The arrested officer, meanwhile, charged with communicating for the purpose of prostitution, won’t face any internal discipline because he retired from the Waterloo Regional police less than two weeks after he was arrested in London.
London police Sgt. Michael Hay was the supervisor of the human trafficking unit when he allegedly directed the unconditional release of a police officer who’d been arrested during an investigation into men buying sex on April 19, according to a notice of hearing for professional misconduct charges brought against him.
Hay, who has been since reassigned to patrol unit, is also accused of taking steps to hide his conduct from supervisors and breaking police procedure by not notifying a superior when an investigation involves a fellow officer.

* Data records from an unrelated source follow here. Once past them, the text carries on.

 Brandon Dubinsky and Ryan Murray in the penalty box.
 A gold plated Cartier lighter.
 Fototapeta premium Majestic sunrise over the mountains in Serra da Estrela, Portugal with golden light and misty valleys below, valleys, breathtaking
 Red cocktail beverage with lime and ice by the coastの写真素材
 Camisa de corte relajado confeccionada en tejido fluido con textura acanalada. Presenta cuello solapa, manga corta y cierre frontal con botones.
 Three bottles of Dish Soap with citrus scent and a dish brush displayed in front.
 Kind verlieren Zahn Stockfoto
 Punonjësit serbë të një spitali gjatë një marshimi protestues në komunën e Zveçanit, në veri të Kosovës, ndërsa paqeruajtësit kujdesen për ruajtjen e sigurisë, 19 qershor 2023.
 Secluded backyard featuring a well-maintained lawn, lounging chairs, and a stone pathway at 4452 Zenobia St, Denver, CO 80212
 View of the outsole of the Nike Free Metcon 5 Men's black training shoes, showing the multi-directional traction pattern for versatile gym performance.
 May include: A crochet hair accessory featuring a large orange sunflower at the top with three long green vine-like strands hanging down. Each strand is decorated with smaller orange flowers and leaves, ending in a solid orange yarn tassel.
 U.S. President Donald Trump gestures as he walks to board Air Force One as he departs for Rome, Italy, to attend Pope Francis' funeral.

Exclusive: Head of #ldnont human trafficking unit facing misconduct charges for allegedly ordering release of Waterloo cop swept up in prostitution sting https://t.co/2HVxJd8ge4
— Dale Carruthers (@DaleatLFPress) August 1, 2018
During a conference call Wednesday, Hay’s case was adjourned to next Friday at noon, when he’s expected to enter a plea.
“This is expected to be an in-person hearing to be held in the community room at London police headquarters,” spokesperson Roxanne Beaubien said, noting the hearing is open to the public.

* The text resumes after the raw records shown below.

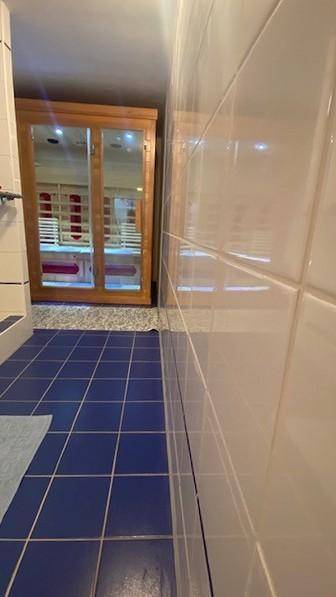 Badezimmer mit integrierter Sauna und blauen Bodenfliesen.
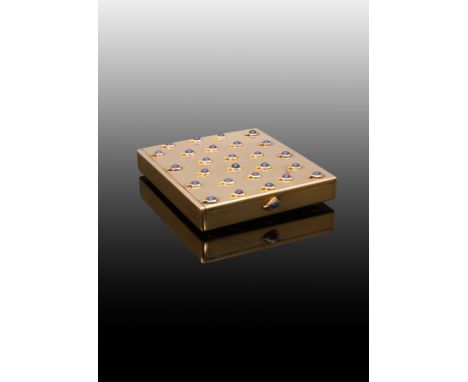 A gold and sapphire vanity case by Cartier, circa 1920, of rectangular form, set to the front and base with repeating sapphir
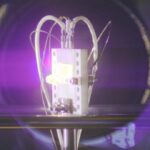 A radiovoltaic material glows under bombardment by alpha particles.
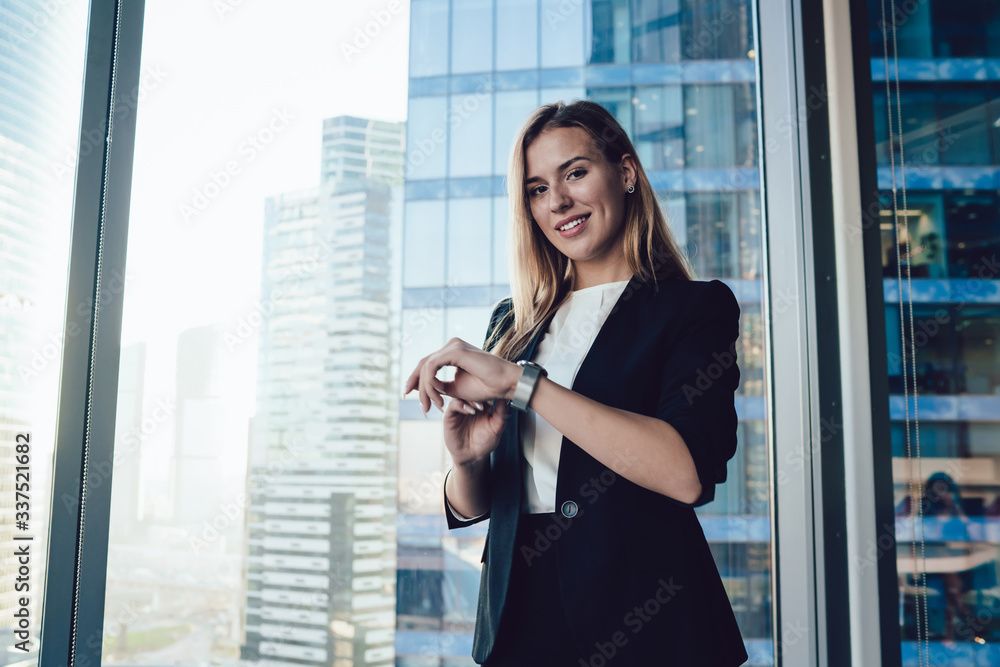 Cheerful prosperous blonde woman in elegant outfit looking at camera standing near window in office,caucasian female manager checking time on trendy wearable wrist watch satisfied with bracelet Cheerful prosperous blonde woman in elegant outfit looking at camera standing near window in office,caucasian female manager checking time on trendy wearable wrist watch satisfied with bracelet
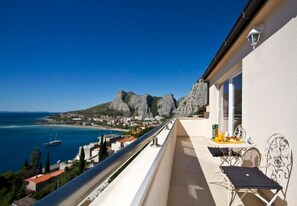 Un balcon avec une table et des chaises, donnant sur une ville côtière et la mer.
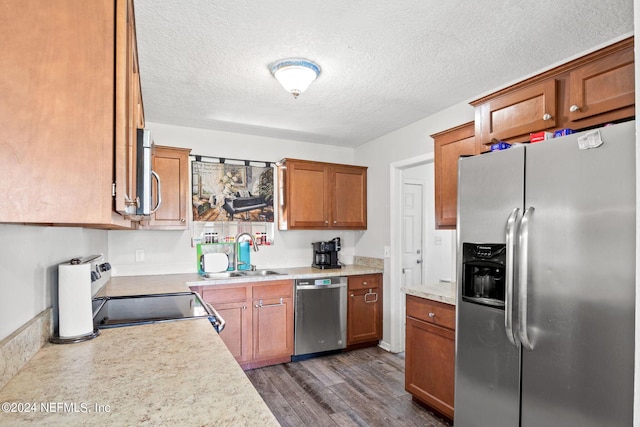 kitchen featuring appliances with stainless steel finishes, light countertops, a sink, and dark wood-style floors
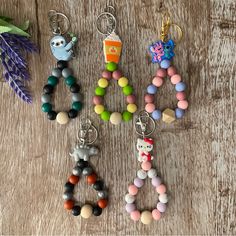 four keychains with different colored beads and charms attached to them on a wooden surface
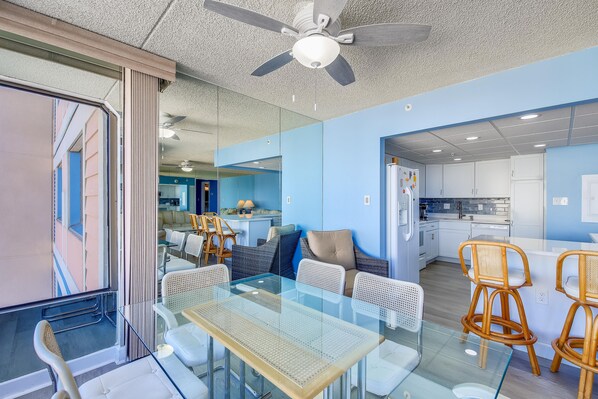 Un interior moderno con una mesa de comedor de vidrio, sillas de mimbre, un ventilador de techo y una zona de cocina visible a través de una puerta abierta.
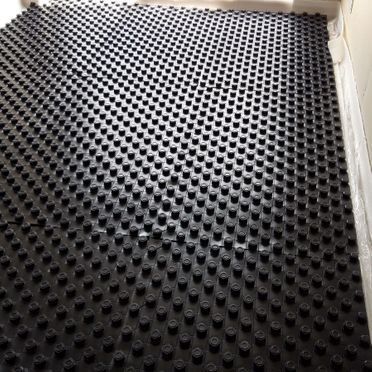 Un primer plano de una alfombra negra con agujeros.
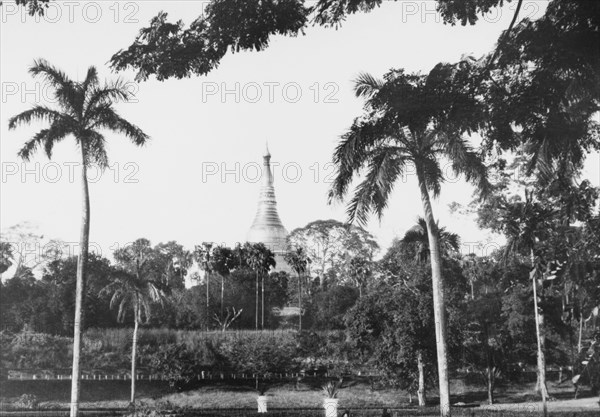 The Shwe Dagon Pagoda. The golden dome of the Shwe Dagon Pagoda rises up behind a formal garden in Rangoon. Rangoon (Yangon), Burma (Myanmar), circa 1925. Yangon, Yangon, Burma (Myanmar), South East Asia, Asia.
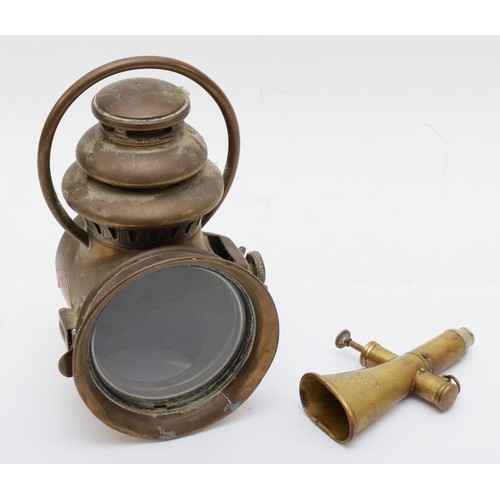 117 - A Kohler & Son brass signal horn, 15cm long, together with a brass oil lamp 'Nirona' No 10 (2)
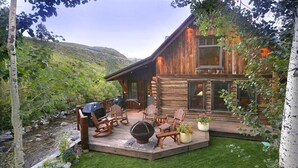 Una cabaña de troncos con terraza, mobiliario exterior y una chimenea.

The 18-year police veteran is charged with discreditable conduct, neglect of duty and insubordination – offences under the Police Services Act, the law governing policing in Ontario and under which police forces hold disciplinary hearings into charges of professional misconduct. Penalties under the Act include docked pay, suspension without pay, demotion or termination.
Hay’s lawyer, Lucas O’Hara, couldn’t immediately be reached for comment Wednesday.
Sources have identified the officer caught in the prostitution sweep as David Mackintosh.
Waterloo Regional police say an officer named David Mackintosh retired from the force on April 27 – eight days after the arrest in London – but wouldn’t confirm whether the now-retired officer is the man charged.
Mackintosh, 55, of Breslau, a small community east of Waterloo, wasn’t charged until June 7, court documents show.
Professional misconduct charges can’t be laid against former employees, Waterloo Regional police spokesperson Cherri Greeno said.
“We do not have . . . jurisdiction over any potential disciplinary matter if a police officer ceases employment with us,” Greeno said.